In his 8,000-word manifesto, How the crash will reshape America, Florida burbles in eschatological tones, arguing that the current recession marks nothing less than "the end of a whole way of life." Just as the Great Depression led to the rise of suburbs, and the malaise of the 1970s sowed the seeds of the Sun Belt, he argues, the crash of 2008-09 must yield a new high-density urban landscape designed to Florida's own revolutionary specifications.

"Every phase or epoch of capitalism has its own distinct geography," writes Florida, summoning a curiously

Marxist tone. The suburbs and the highway may have been well-suited to the industrial economy of the post-war era. But in this "next chapter of American economic history," they will be seen as embarrassing relics.

Like any true revolutionary, Florida sees the sunny side of upheaval and cataclysm. "The foreclosure crisis creates a real opportunity," he writes. "The housing bubble was the ultimate expression, and perhaps the last gasp, of an economic system some 80 years in the making, and now well past its 'sell-by' date. The bubble encouraged massive, unsustainable growth in places where land was cheap and the real estate economy dominant. It encouraged low-density sprawl, which is ill-fitted to a creative, postindustrial economy."

Florida's policy prescription: shrunken suburbs, smaller houses, denser urban cores, less home-ownership and more renting. "In short," he concludes, "it will be a more concentrated geography, one that allows more people to mix more freely and interact more efficiently in a discrete number of dense, innovative mega-regions and creative cities."

That sort of electric writing sounds wonderful at first blush: Who doesn't crave cities that are "innovative," "free," "efficient," "creative" and "mega"?

But once the revolutionary thrill of Florida's prose wears off, take a sober look around any big city worth living in and ask yourself this: Where exactly are all these new arrivals going to live? In most downtown areas, spaces available for infill development are minimal. Match Florida's ideology to reality, and it dawns on you that what he's really getting at is boosting population density by knocking over single-family dwellings and putting up apartment blocks to warehouse foreclosed-upon suburban refugees.

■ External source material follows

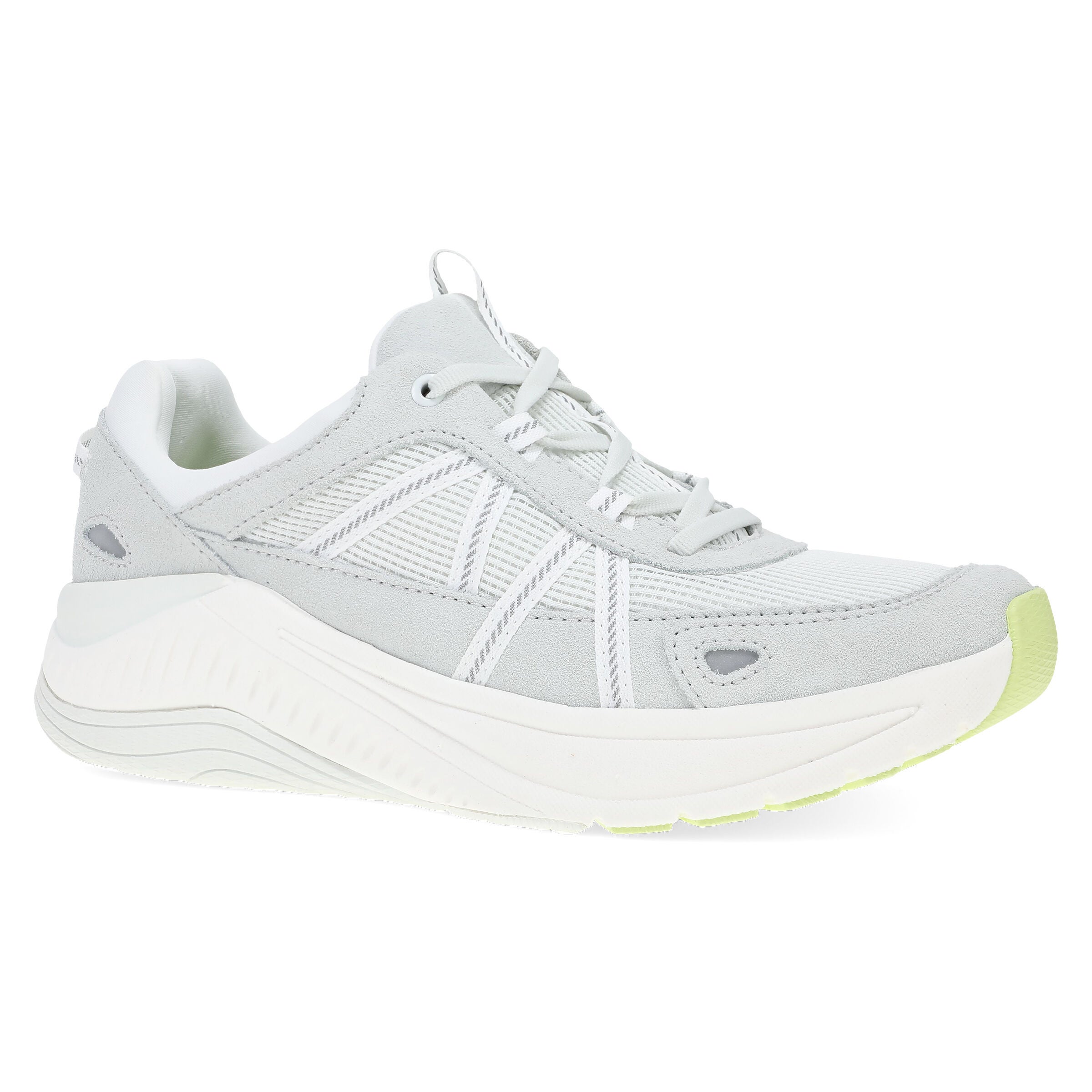 Poppy Laceup Sneaker, GREY, hi-res image number 0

Again -- this is the sort of plan that folks like me can be expected to instinctively embrace: I've been living this sort of overpriced, cheek-by-jowl, 1,500-square-foot dollhouse urban life in Toronto and New York for the last 15 years. Why shouldn't everyone else go in for big city life, too?

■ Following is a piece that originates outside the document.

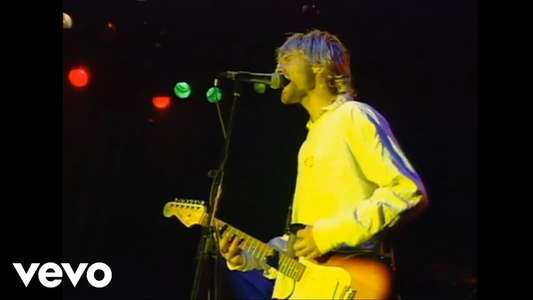 Nirvana: Live at Reading - Backdrop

But then the realization hits me that it isn't for love of traffic that so many millions of North Americans have moved out to the suburbs: They're looking for big houses, little leagues, decent schools and an opportunity to raise large families. And yes, they know all about the wonderful creative people (gay or otherwise) they could be rubbing elbows with if only they slapped down half-a-million for a charming downtown row house, put their kids in bunk beds and commuted by bike to their dot-com ad agency. It just so happens that this isn't the life they want.

All around North America, millions of bankrupt families are surrendering their homes and moving into cramped apartments. But pace Richard Florida, these aren't revolutionaries; and this isn't a revolution, just a series of personal financial tragedies -- tragedies that will be reversed, I suspect, as soon as Florida's unwilling conscripts can scratch together enough money for a fresh down payment on the American dream.

jkay@nationalpost.com

http://www.nationalpost.com/story.html?id=1371648
 
Get a few professional geographers/planners/urban sociologists/public policy people in a room together, mention Richard Florida, and watch the sparks fly.
 
That National Post column is less a critique of Richard Florida than a rant about urban living.

In most downtown areas, spaces available for infill development are minimal.
One needs only to observe the recent boom in Toronto to know that this is entirely false. North American cities have plenty of room for infill.